No recession on the table, but changes are coming once Donald Trump take office

No recession on the table, but changes are coming once Donald Trump take office

Economist Elliot Eisenberg makes a yearly trek to provide the Denver Metro Association of Realtors with a forecast. On Thursday he provided a mea culpa to his audience for telling them last January to prepare for a recession that never came.

“I was wrong,” he said, noting that U.S. consumers have proven “remarkably resilient” and that he is optimistic the country can pull off something rarely seen — a sharp hike in interest rates without a downturn, also known as a “soft landing.”

He and other recession forecasters expected consumers would run out of spending steam as their pandemic savings cushion, which hit $2.1 trillion in August 2021, dwindled. That money did run out around March. But consumers, who account for about 69% of economic activity in the U.S., didn’t skip a beat.

The federal government initially underreported personal incomes, which caused forecasts to be more dire than they would have otherwise been, Eisenberg said. More important, perhaps, was a 50% increase in household net worth over the past five years because of surging home and stock prices. When people feel good about their financial position, they tend to spend more, he said.

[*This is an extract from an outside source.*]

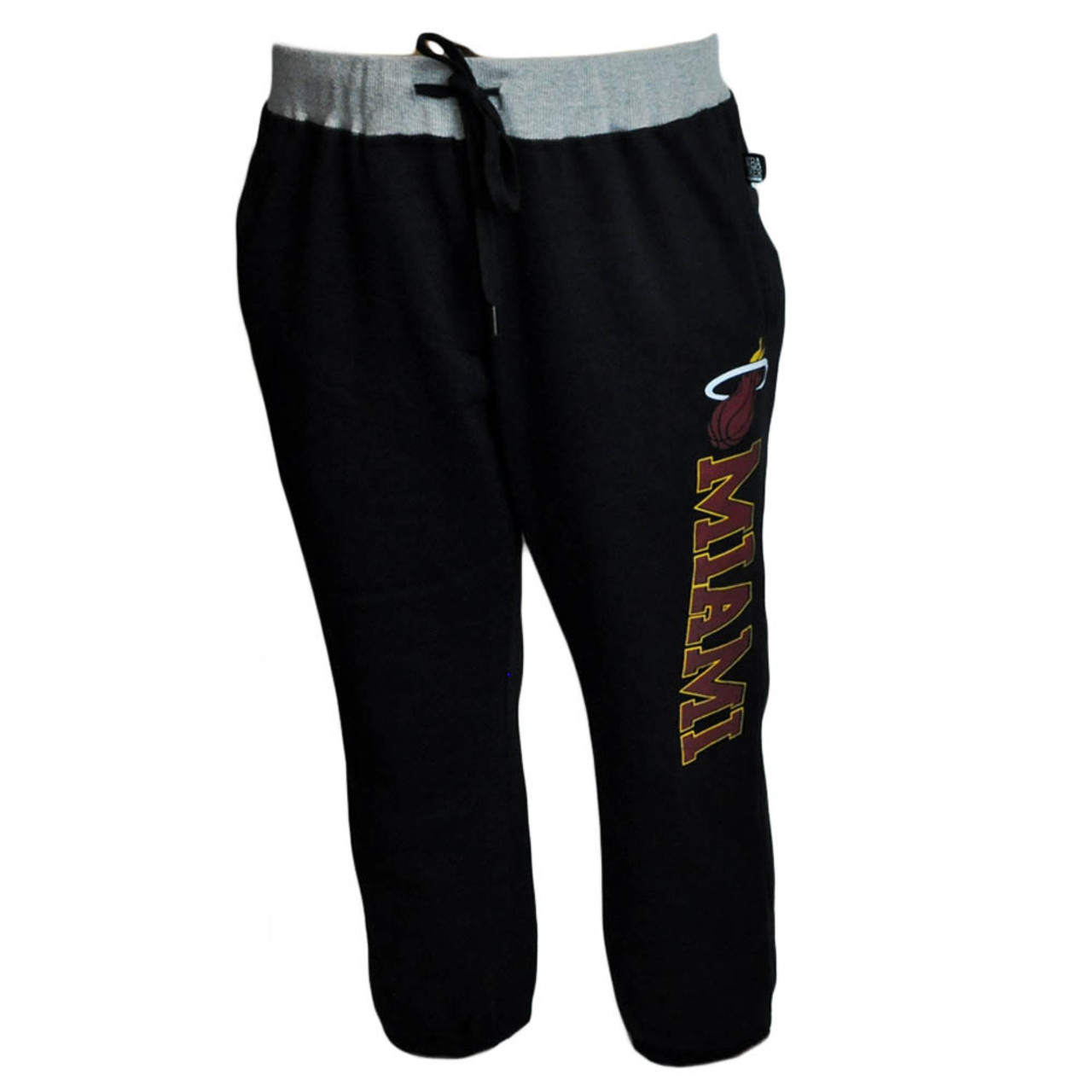 Unk Miami Heat NBA Women Ladies Capri Sweat Basketball Black Crop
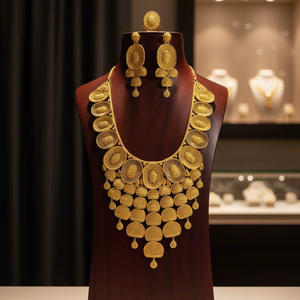 Classic 1K Gold Plated <b>Copper</b> Brass <b>Necklace</b> Set Women Jewelry Showcasing Shiny Elegant Texture For Festivals Wedding Functions - Product Image 1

Renters without investment portfolios didn’t see those wealth gains and lower-income households are under more financial stress. That is showing up in big jumps in credit card and auto loan delinquencies, which Eisenberg interpreted last year as a sign of trouble ahead.

But he now sees the rise in auto loan defaults as a strategic move by borrowers who overpaid for vehicles that shot up in price during pandemic shortages. In the housing crash of the mid-2000s, people defaulted on mortgages when home value could no longer cover the amount borrowed.

This cycle, they are letting go of inflated vehicles, which some borrowers obtained because federal stimulus had temporarily boosted their credit scores.

What comes next for the U.S. economy will likely be heavily influenced by the priorities that President-elect Donald Trump and his administration have set out, he said.

Easing rules on domestic oil and gas drilling will help cap future price increases, but it won’t necessarily spur enough new production to lower current prices, Eisenberg said. That’s because oil in the $70 a barrel range doesn’t create enough of an incentive for U.S. producers to accelerate drilling.

Another priority of the Trump administration is deregulation, which should give the economy a boost over time. But the key phrase is over time. Eisenberg said it will take several years to implement changes, and for firms to readjust and ramp up activity. The benefits are real, but in the future.

Extending the Tax Cuts and Jobs Act, which will expire at the end of this year, is another top priority for the incoming administration. But federal deficits are much fatter than they were in 2017 when the cuts first passed and Republican majorities in Congress are now much thinner. If deficit hawks in the party balk, it won’t take much to derail an extension, which could dampen consumer spending next year.